Other than the fact that some years down the road, I will need it
removed, are there any dangers  or problems arising  from not having
this checked every year?
Mike Tyner - 05 Jan 2006 20:46 GMT
>I have the early stage of  a cataract forming. This was detected by my
> normal vision checkup and refraction , filed under vision insurance,
[quoted text clipped - 4 lines]
> removed, are there any dangers  or problems arising  from not having
> this checked every year?

Nope. You need a checkup every year or two for other problems.You'll be the
first to know when a cataract becomes disabling.

-MT
William Stacy - 05 Jan 2006 21:51 GMT
>  
>
[quoted text clipped - 14 lines]
>
>  

Agreed, except I wouldn't wait until they become disabling, since the
procedure is so simple, safe and effective.  I would certainly have them
fixed as soon as I could afford the procedure, or as soon as my
insurance would cover it. Another good idea is to have it fixed as soon
as you find that your new glasses aren't giving you as good vision as
they used to.
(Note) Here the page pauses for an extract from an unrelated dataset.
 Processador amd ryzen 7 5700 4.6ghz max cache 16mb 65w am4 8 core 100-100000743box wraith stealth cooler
No reason to become disabled or even close to it unless
you are at high risk for retinal detachment (high myopia above -8.00) or
some other medical risk factors.

w.stacy, o.d.
g8lasalle@yahoo.com - 05 Jan 2006 23:37 GMT
I can't imagine he would get rich from a cataract exam, so I'll have to
ask why I need it when I soon go in for my refraction.
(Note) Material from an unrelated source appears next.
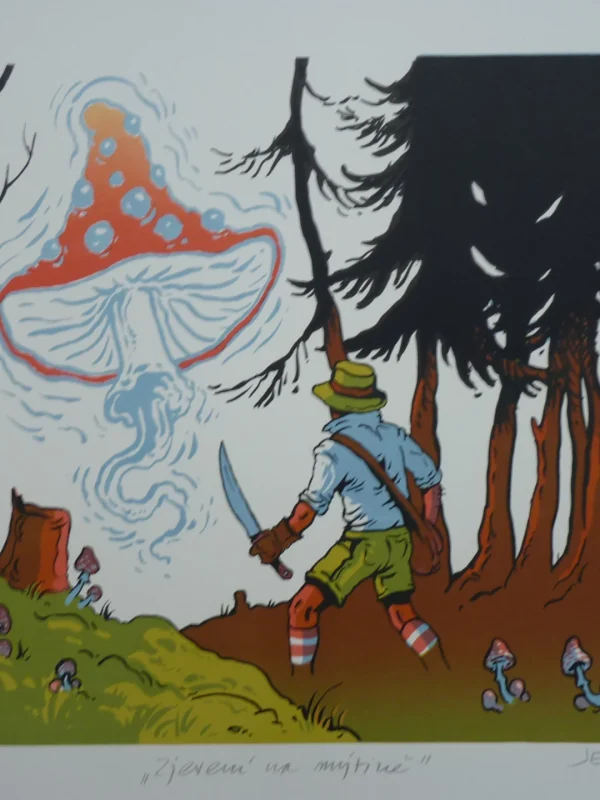 Zjevení na mýtině, Karel Jerie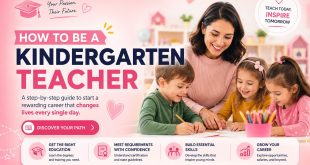 How To Be A Kindergarten Teacher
I am about -6.00 and -6.75.  What do you mean by   "No reason to become
disabled or even close to it unless you are at high risk for retinal
detachment (high myopia above -8.00) or  some other medical risk
factors."? Are they not fixed when there is a high risk of detachment?
Doesn't it become more difficult to examine the retina when the lens
becomes opaque?  I had heard that cataracts need to be "ripe" before
they are taken out. Is that no longer the case because of new equipment
or procedures?
Thanks.
William Stacy - 06 Jan 2006 03:14 GMT
> I can't imagine he would get rich from a cataract exam, so I'll have to
> ask why I need it when I soon go in for my refraction.

It's part of the insurance game.  If they can dub it a medical
evaluation (due to the cataract) the medical insurance will kick in
(good for the docs), otherwise, they have to live with the (often
paltry) vision insurance.  (I'm doing some guessing here; you might want
to tell us about your various insurances)
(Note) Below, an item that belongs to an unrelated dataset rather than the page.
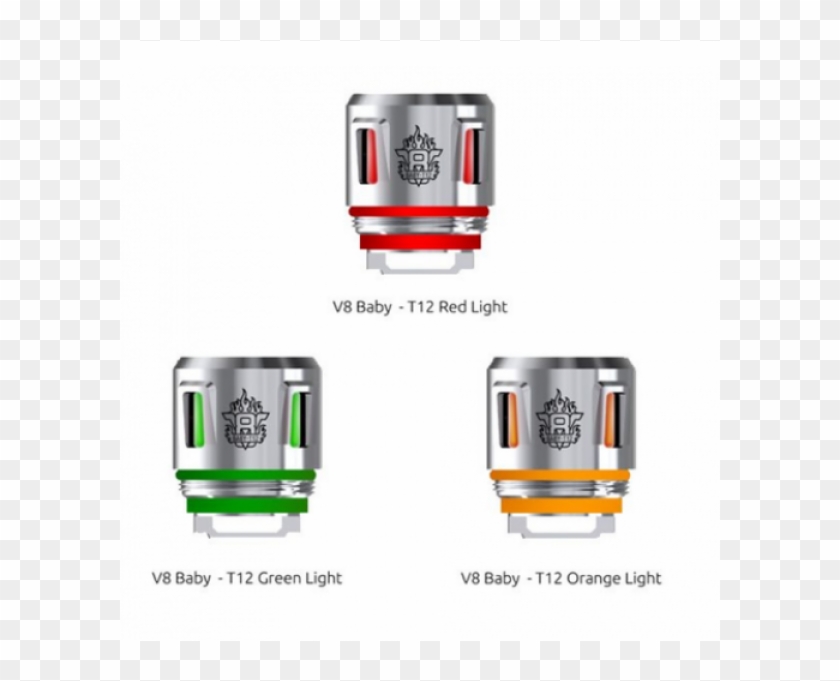 T12 Light Replacement Coils By Smok - Smok Tfv12 Baby Coils Clipart #4042336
> I am about -6.00 and -6.75.  What do you mean by   "No reason to become
> disabled

I think someone else used the term disability in describing when cat.
surgery is indicated.  That's old thinking, in my opinion.

 or even close to it unless you are at high risk for retinal
> detachment (high myopia above -8.00) or  some other medical risk
> factors."? Are they not fixed when there is a high risk of detachment?

There's a reluctance to do early intervention when risks exist, and this
is a good thing.  Remember Hippocrates, first do no harm. Sure, high
myopes get cataract surgery, but I think they are made to wait longer
than others due to that old RD risk. (-6.75 is moderately high, and yes,
you have that risk factor, unlike a hyperope, who has no real risk for
detachment and can, and should have the procedure as soon as possible).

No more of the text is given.